The Chicago Symphony Orchestra was known for its brass—not its administrators but its trumpeters, trombonists, and so on. “The Chicago brass” was a byword in music. Is it still? My impression is, no. There is an essential parity between orchestras, or a sameness, if you like. Regardless, the Chicago brass is still impressive—and some of them got to show off.
That was in a new concerto by Jennifer Higdon, an American born in 1962. She calls it “Low Brass Concerto,” and the soloists are two trombones, a bass trombone, and a tuba. It was interesting to see them up front—“up close and personal,” to borrow a phrase from sports TV. They spend their lives in the back.
Higdon’s concerto is in one movement, like most modern concertos, for some reason. It has different moods. For a while, there is a wash, that familiar musical wash. The soloists have some nice chorales. At some point, the music turns spiky and jazzy. Later, it is broad and Western, which is to say, Coplandesque. Ultimately, it is fast and busy—busy busy busy, like so many pieces. This concerto is new, but I felt that I had heard it before, often.
The next night, the cso played another new work, by another American: Samuel Adams, born in 1985. He is the son of John Adams. I am talking composers, of course, though it sounds like I’m talking about Founders. The new work by Adams the Younger is many words of love. As modern concertos are in one movement, modern titles are in all smalls. Why, I can’t tell you. This has been going on for years. Adams takes his title from a poem by Wilhelm Müller, used by Schubert in Winterreise.
I felt I had heard this new piece many times before. It has a sci-fi feel. It is spooky. There are those shudders, those sudden scared sounds. The music is bleak and wailing. Eventually, however, there is some affirmative material, repetitive. The ending is clever.
I’m sorry to be dismissive. Samuel Adams is obviously a brainy person, with much to offer. (I can say the same of Jennifer Higdon.) He writes well, by the way—I’m talking about prose. You can see this in his program note, or composer’s note. I have no doubt that many words of love makes perfect sense to him. Whether he succeeds in communicating this sense to others, I don’t know.
The cso was playing at Carnegie Hall, in two concerts under its music director, Riccardo Muti. The highlight of the concerts, probably, was the overture to Verdi’s Sicilian Vespers. It was taut, bristling, and balanced. Muti sculpted the music expertly. The orchestra’s pizzicatos were accurate, and when the cellos had the melody, they really sang. From Muti, you heard total Verdian authority.
You heard a French authority, too, in Chausson’s Poème de l’amour et de la mer, for voice and orchestra. Whose voice, on this occasion? The soloist was Clémentine Margaine, a French mezzo. Her sound was big and unforced. Low notes were exceptionally beautiful.

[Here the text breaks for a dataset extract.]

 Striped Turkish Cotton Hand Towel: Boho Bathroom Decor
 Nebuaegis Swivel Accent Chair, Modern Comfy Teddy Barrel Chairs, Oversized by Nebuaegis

Some high ones were slightly flat, but it mattered little. Margaine fused poetry and music (as Chausson does). She showed a range of colors. So did the cso, under Muti.
One line of the text—by Maurice Bouchor, a poet who lived from 1855 to 1929—speaks of “l’oubli,” oblivion. From Margaine, it sounded just like that, chillingly.

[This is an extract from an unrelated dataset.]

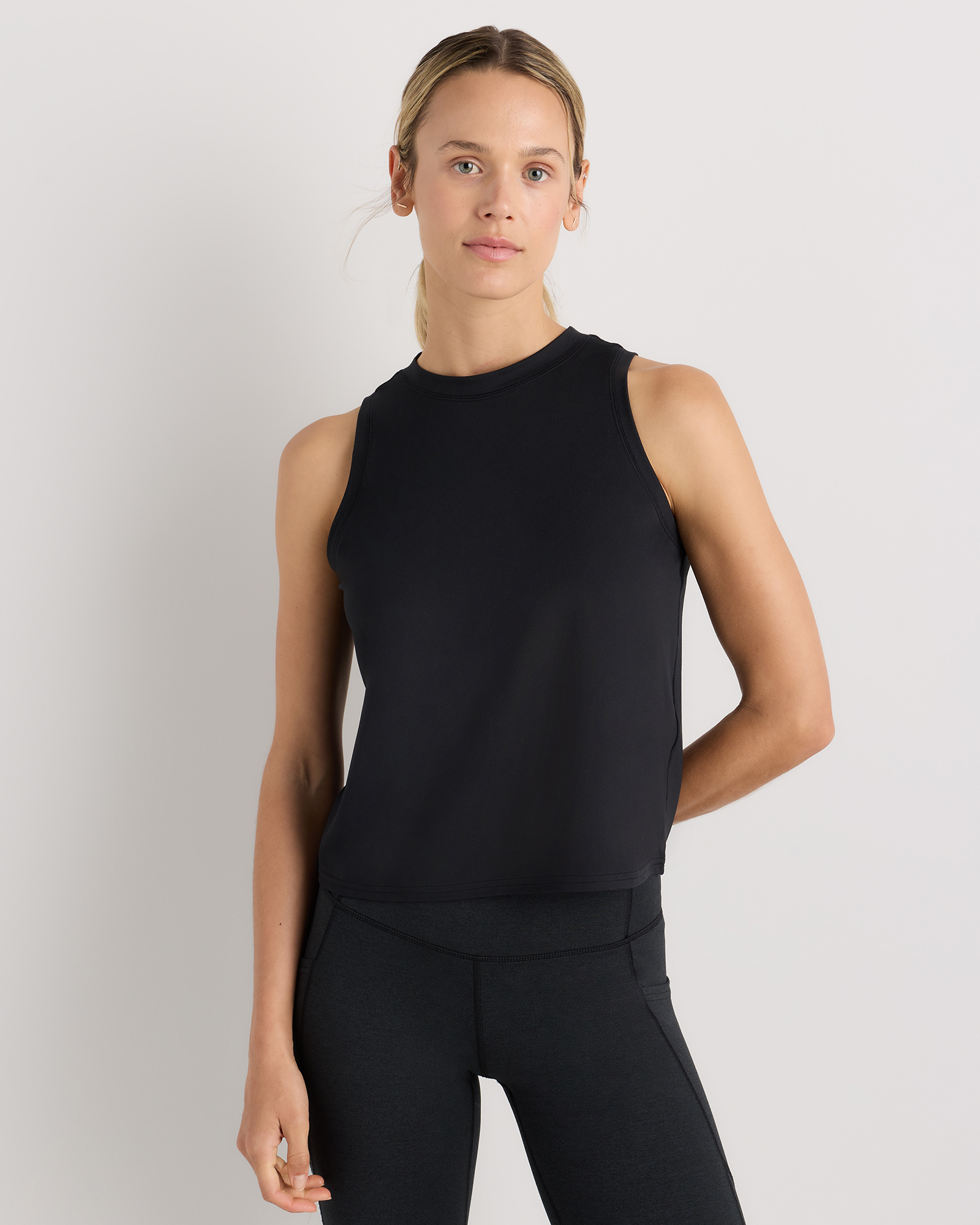 True Black Flowknit Breeze High-Neck Tank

On each night, Muti conducted an encore, one of which was a notturno, or nocturne, by Giuseppe Martucci. He lived in Naples, at the end of the nineteenth century and the beginning of the twentieth. Muti was educated there, by people born about that time. The nocturne is obviously dear to him, and you can take pleasure in what is dear to others. Such pieces make wonderful encores (particularly in voice recitals, I would say).
The next week, in Zankel Hall, Alexandre Tharaud played a recital, offering a single work: Bach’s Goldberg Variations. Tharaud is a French pianist. Writing the program notes was Harry Haskell—who quoted Wanda Landowska, the legendary harpsichordist. The aria in the Goldbergs, she said, is “grave and yet happy, tranquil and at the same time vibrant with internal life.” Haskell added that the same could be said of the work as a whole. In his excellent program notes, he pointed out that Bach wrote music both sacred and secular—reams of each type. But, you know? Much of his secular music is streaked with the sacred. I would say this is true of the Goldbergs.
On this particular evening, I thought of William F. Buckley Jr., a friend to many of us, who passed away ten years ago. There have been events to mark the occasion, and remember the man. He loved music supremely, and he loved Bach supremely, and he loved the Goldberg Variations supremely. He never tired of listening to them. Who would?
I should say something about Monsieur Tharaud. I think I will skip it, however, because he was not his best self in Zankel Hall, and neither were the Goldbergs. Both have had better nights and will again. Let me recommend Tharaud’s 2013 album of encores, Autograph. First-rate.
For Emmanuel Pahud, they screamed as for a rock star—and he is merely a flutist. He is one of the greatest flutists we have ever known, but still: he is a flutist, not Elvis. Pahud, who is Swiss, is a principal flute in the Berlin Philharmonic as well as a soloist. With Alessio Bax, the Italian pianist, no matter what his last name says, he played a recital at the 92nd Street Y.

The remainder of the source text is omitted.